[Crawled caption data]
'''

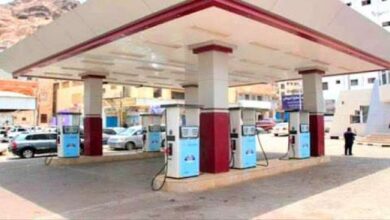 صورة كشف بأسماء المحطات الحكومية والخاصة الممونة بمادة البنزين في عدن و لحج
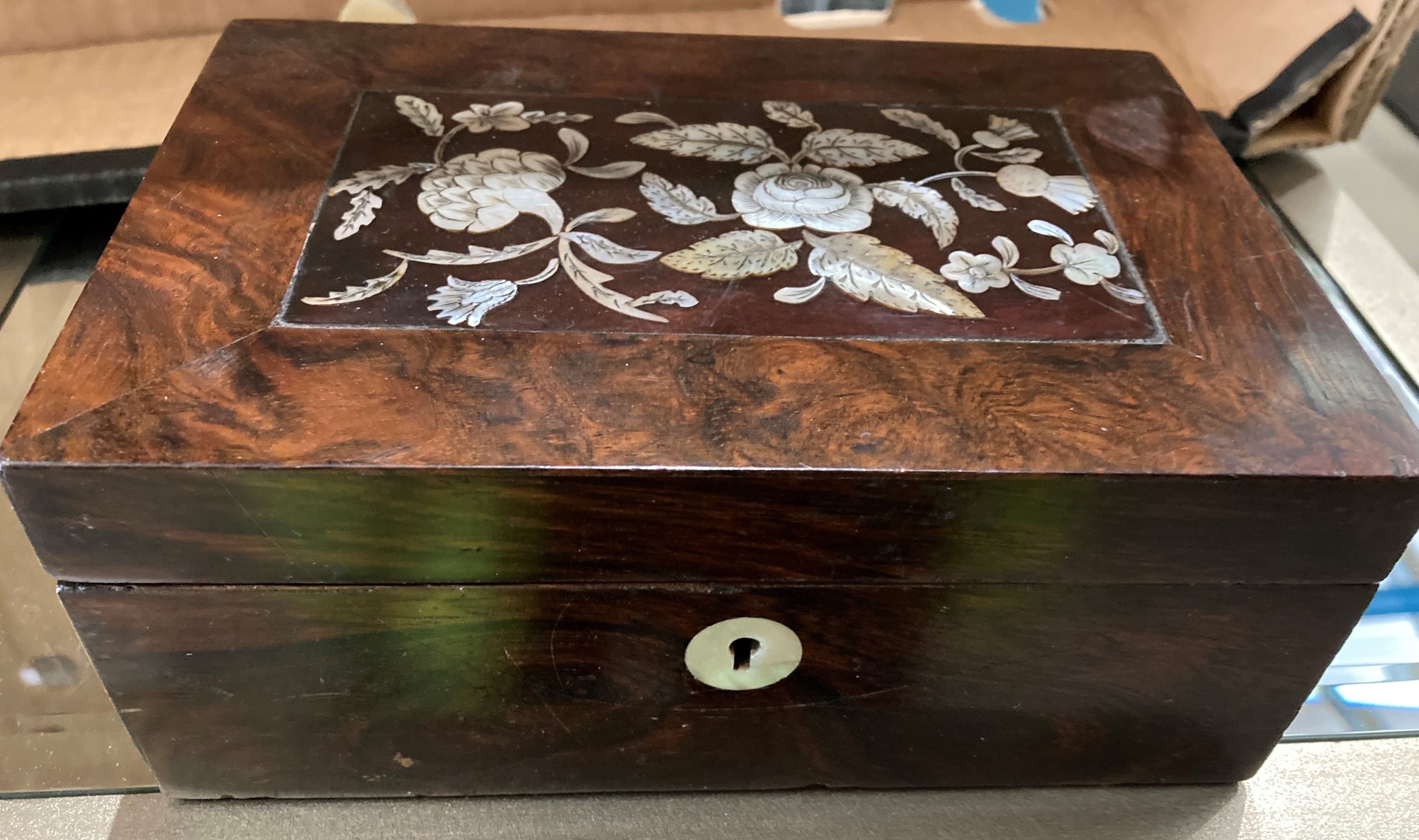 Walnut-finish jewellery box with mother of pearl inlay, 19 x 12.5 x 7. - Image 2 of 3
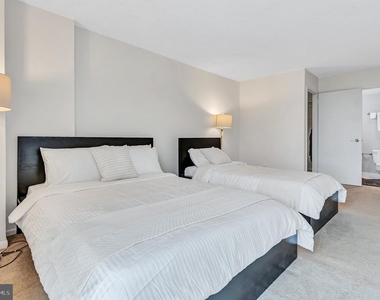 2300 Pimmit Drive - Photo Thumbnail 17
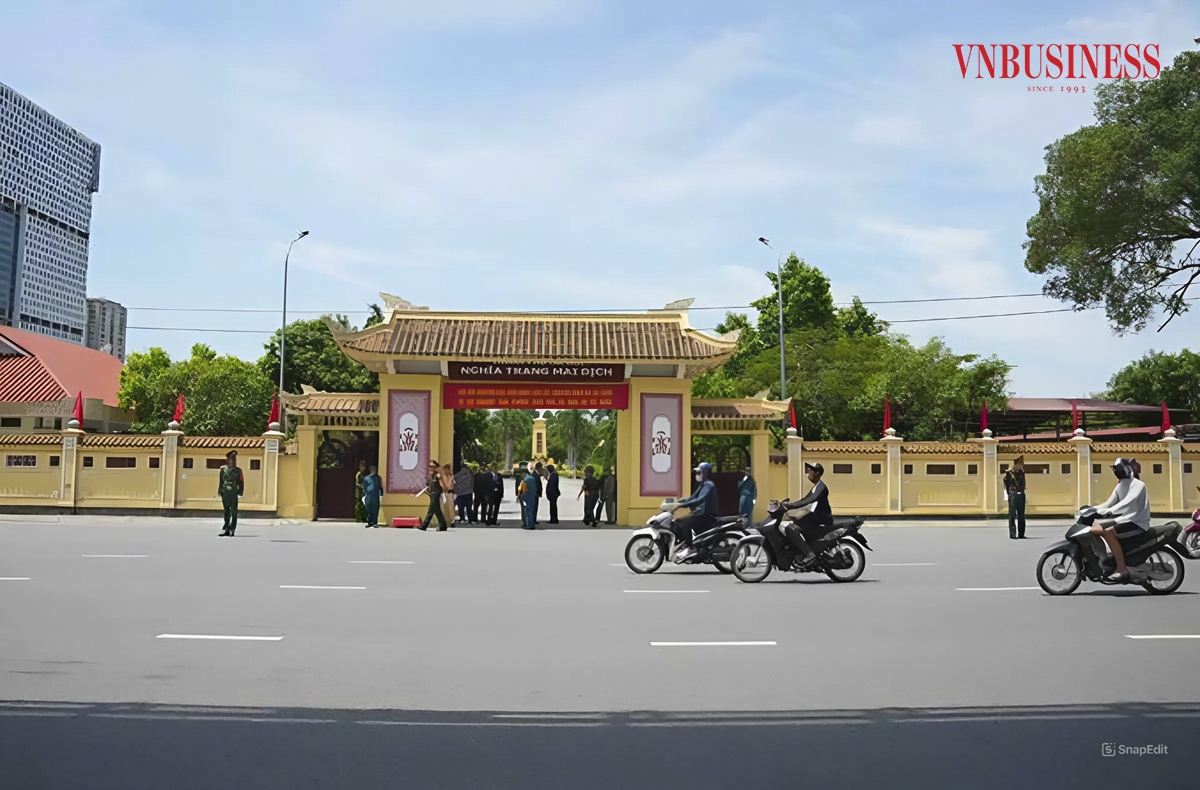 Từ 13h trưa nay, tại nghĩa trang Mai Dịch, lực lượng an ninh và các đơn vị chức năng tập trung thực hiện nhiệm vụ, đảm bảo an ninh, an toàn tuyệt đối.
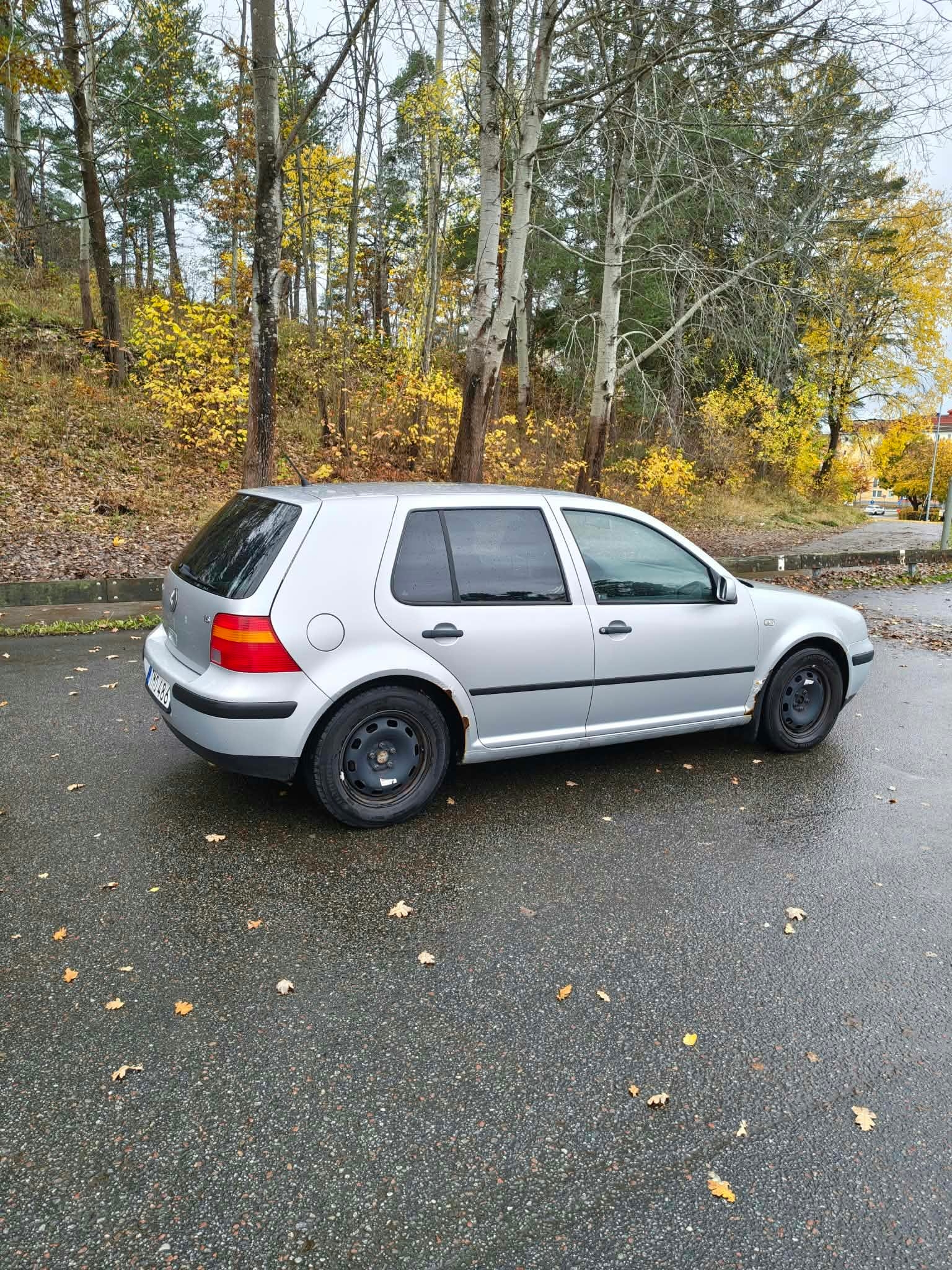 Volkswagen Golf 1.6 2003, kuva 5/10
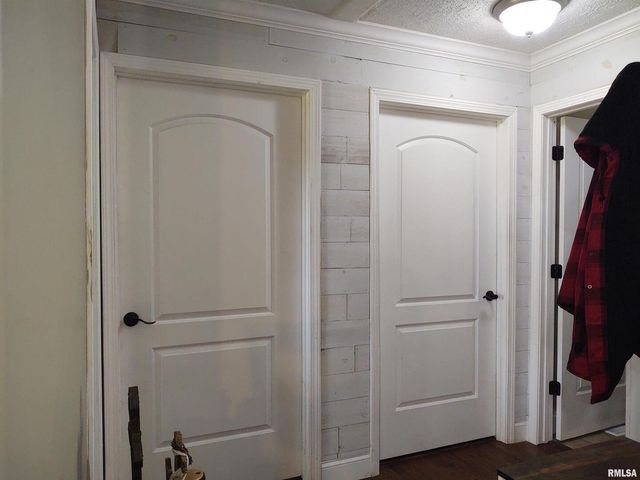 1640 PLEASANT RIDGE Road, Vienna, IL 62995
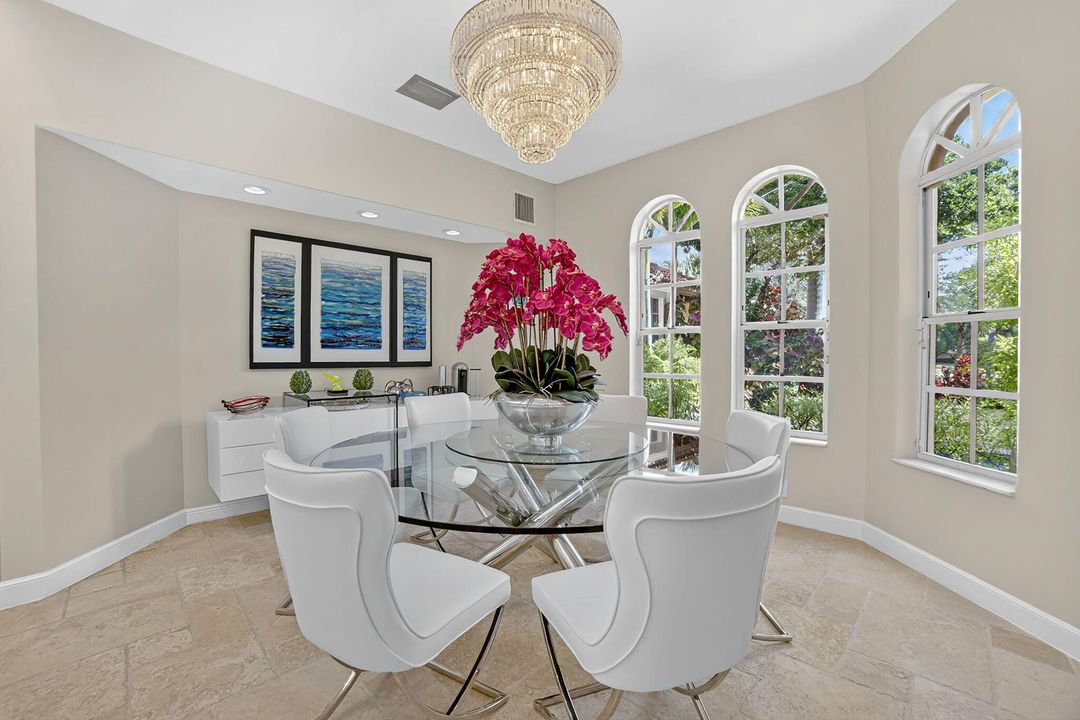 待售: $1,900,000 (6 贝兹, 5 浴室, 5218 平方英尺)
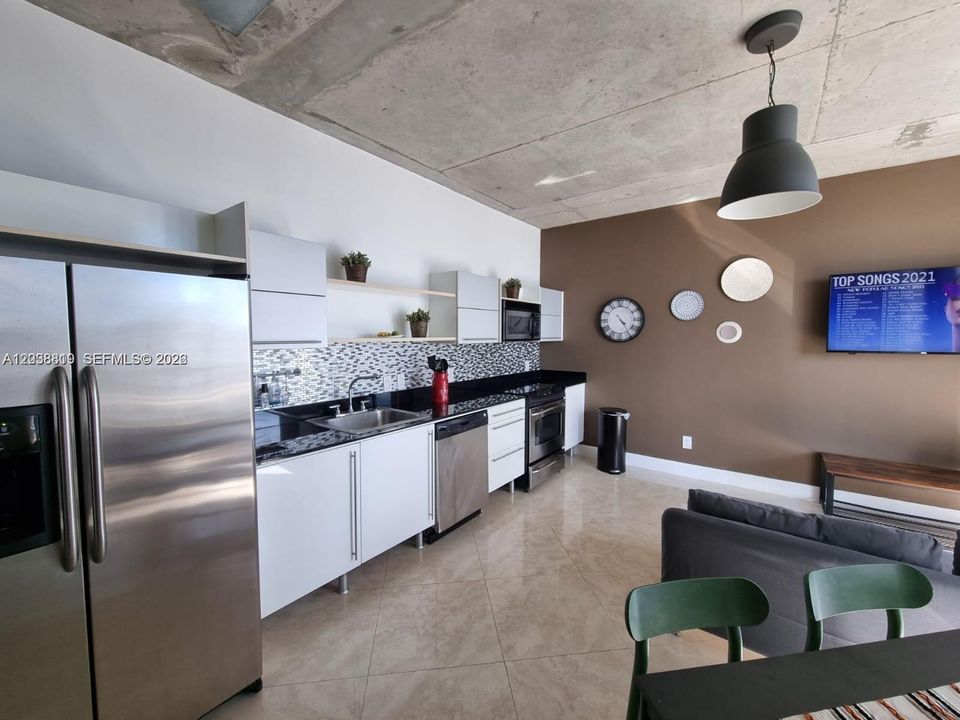 В аренду: $2,650 (0 спален, 1 ванн, 602 Квадратных фут)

'''

WHAT TO DO >> Exactly as written, give every entry again, but not the pictures.

EXERCISE RESULT >>
 صورة كشف بأسماء المحطات الحكومية والخاصة الممونة بمادة البنزين في عدن و لحج
 Walnut-finish jewellery box with mother of pearl inlay, 19 x 12.5 x 7. - Image 2 of 3
 2300 Pimmit Drive - Photo Thumbnail 17
 Từ 13h trưa nay, tại nghĩa trang Mai Dịch, lực lượng an ninh và các đơn vị chức năng tập trung thực hiện nhiệm vụ, đảm bảo an ninh, an toàn tuyệt đối.
 Volkswagen Golf 1.6 2003, kuva 5/10
 1640 PLEASANT RIDGE Road, Vienna, IL 62995
 待售: $1,900,000 (6 贝兹, 5 浴室, 5218 平方英尺)
 В аренду: $2,650 (0 спален, 1 ванн, 602 Квадратных фут)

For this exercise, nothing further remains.